• **Exercise directions**: Set down, exactly as written, the lines from the line holding "18k Rose Gold 18k" to the end of the data, inclusive, skipping any pictures.

• **Information provided**:

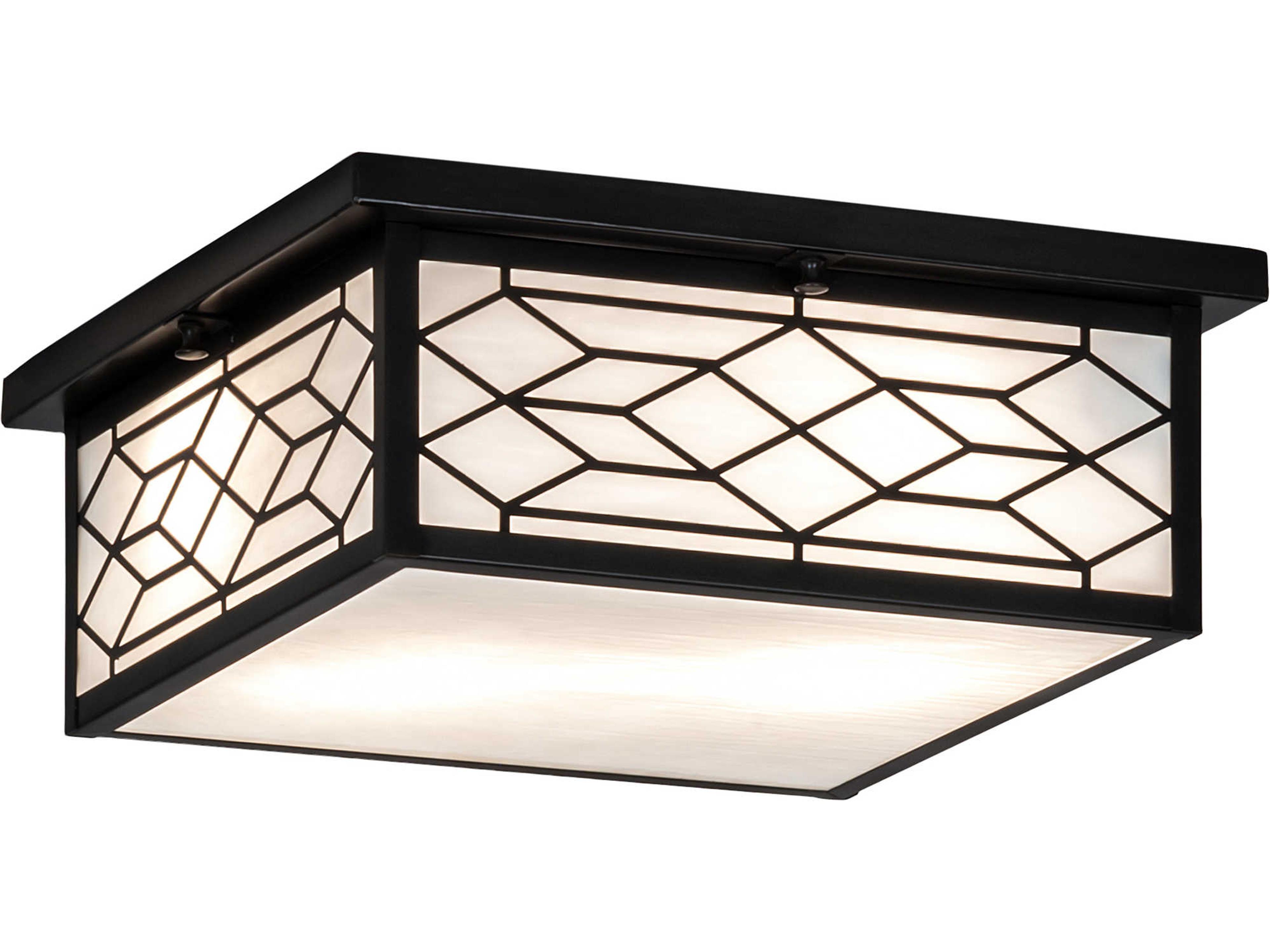 Seneca 2 - Light Glass Outdoor Ceiling Light
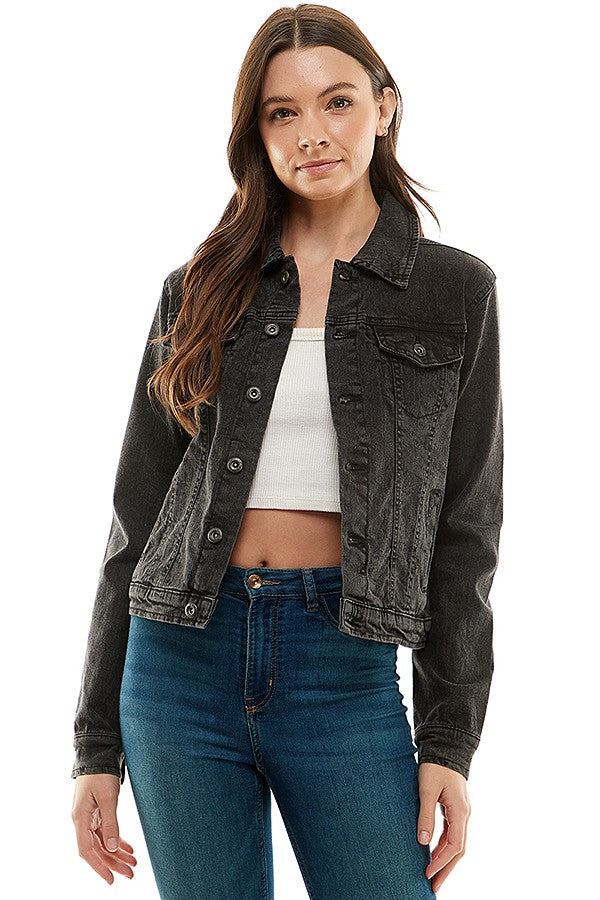 Stretch Denim Jacket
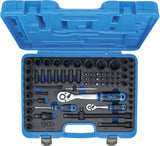 IMPACT SOCKET SET HEXAGON | 6.3 MM (1/4") + 12.5 MM (1/2") | 69 PCS. (5255)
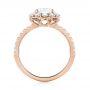 18k Rose Gold 18k Rose Gold Custom Diamond Halo Engagement Ring - Front View -  103588 - Thumbnail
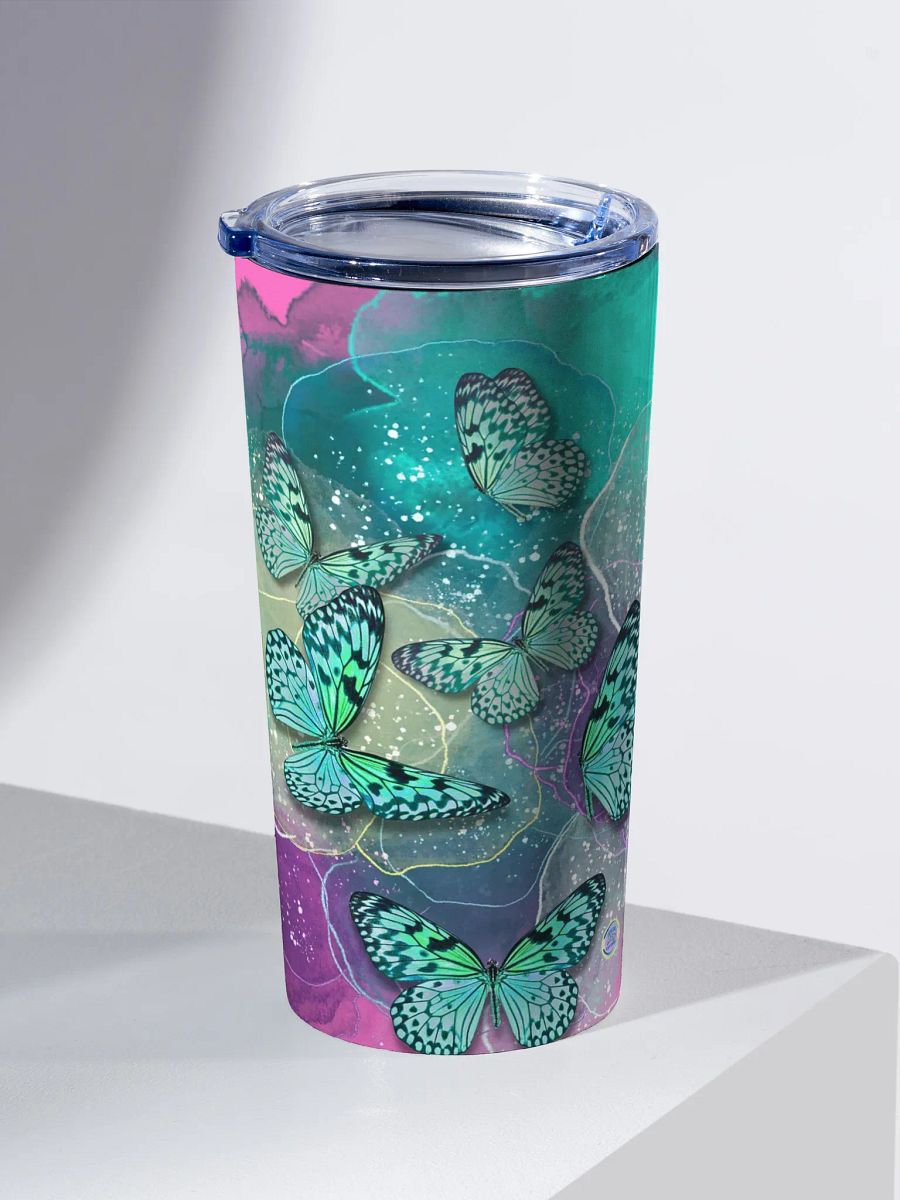Whimsical Butterfly Fantasy Stainless Steel Tumb special gift for friends colleagues moms daughters product image (2)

• **Exercise result**:
 18k Rose Gold 18k Rose Gold Custom Diamond Halo Engagement Ring - Front View -  103588 - Thumbnail
Whimsical Butterfly Fantasy Stainless Steel Tumb special gift for friends colleagues moms daughters product image (2)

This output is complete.